----- DATASET SECTION -----

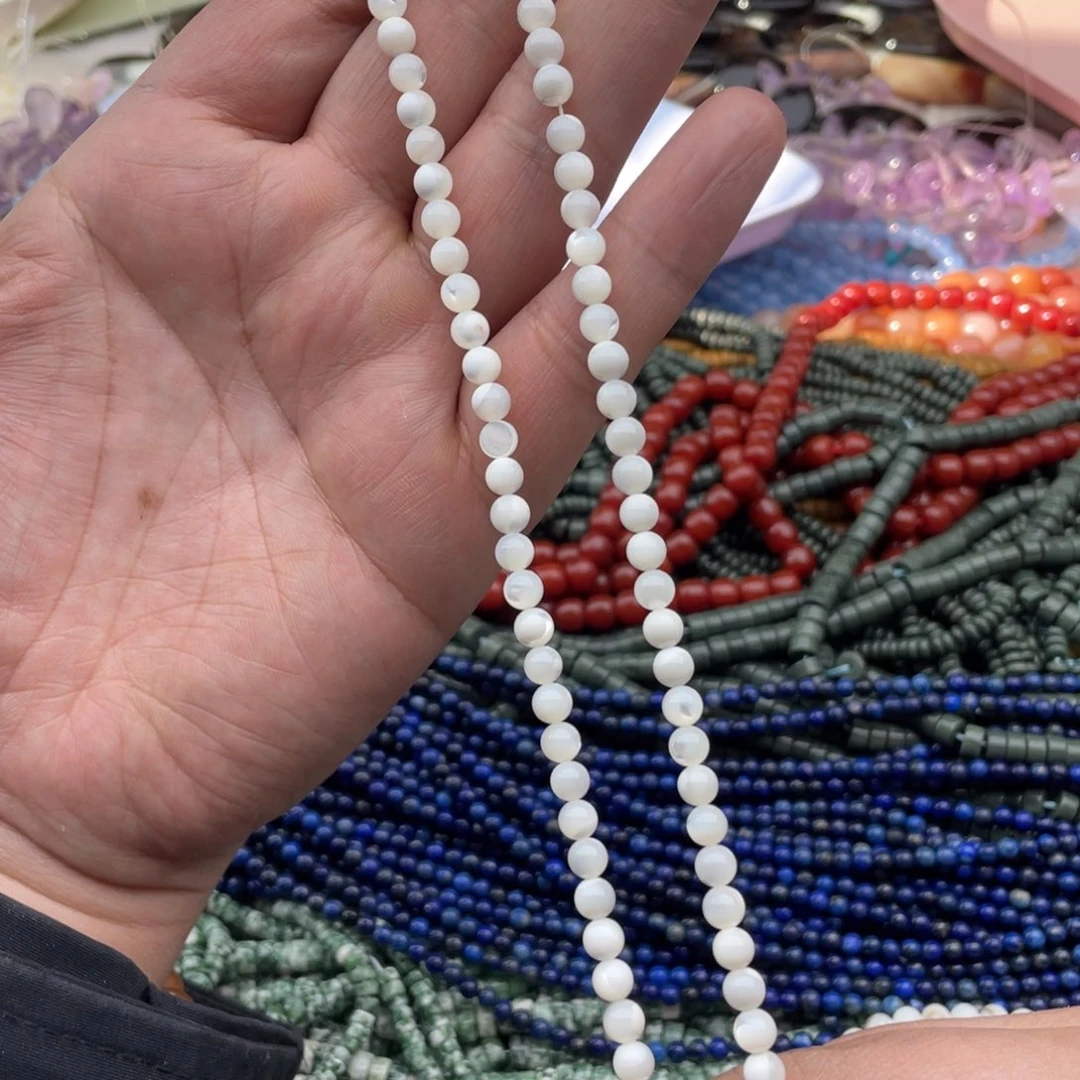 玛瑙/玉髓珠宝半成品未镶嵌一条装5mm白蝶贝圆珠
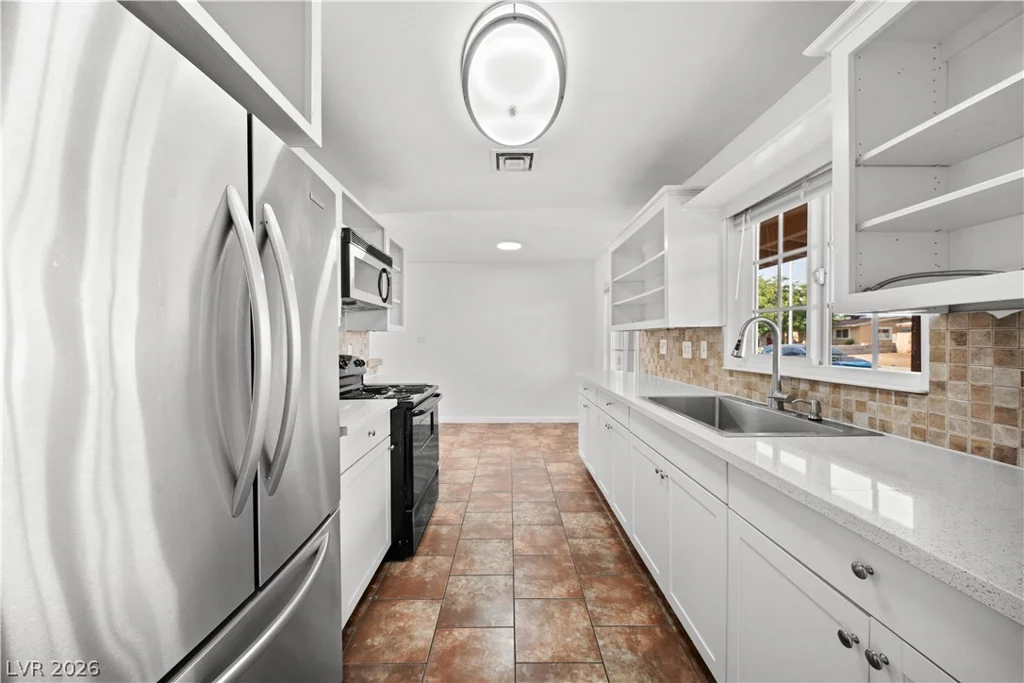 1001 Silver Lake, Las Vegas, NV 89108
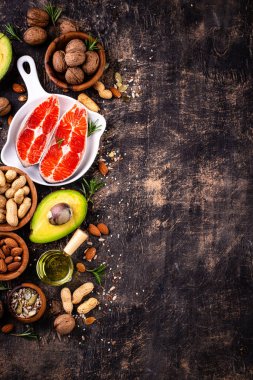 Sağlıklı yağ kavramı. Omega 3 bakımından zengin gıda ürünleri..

-----

### WHAT THE EXERCISE ASKS
The result should be a transcript of the lines from the line containing "1001 Silver Lake, Las Vegas, NV 89108" through the end of the listing above, exact, inclusive, and without pictures.

### TASK RESPONSE
 1001 Silver Lake, Las Vegas, NV 89108
 Sağlıklı yağ kavramı. Omega 3 bakımından zengin gıda ürünleri..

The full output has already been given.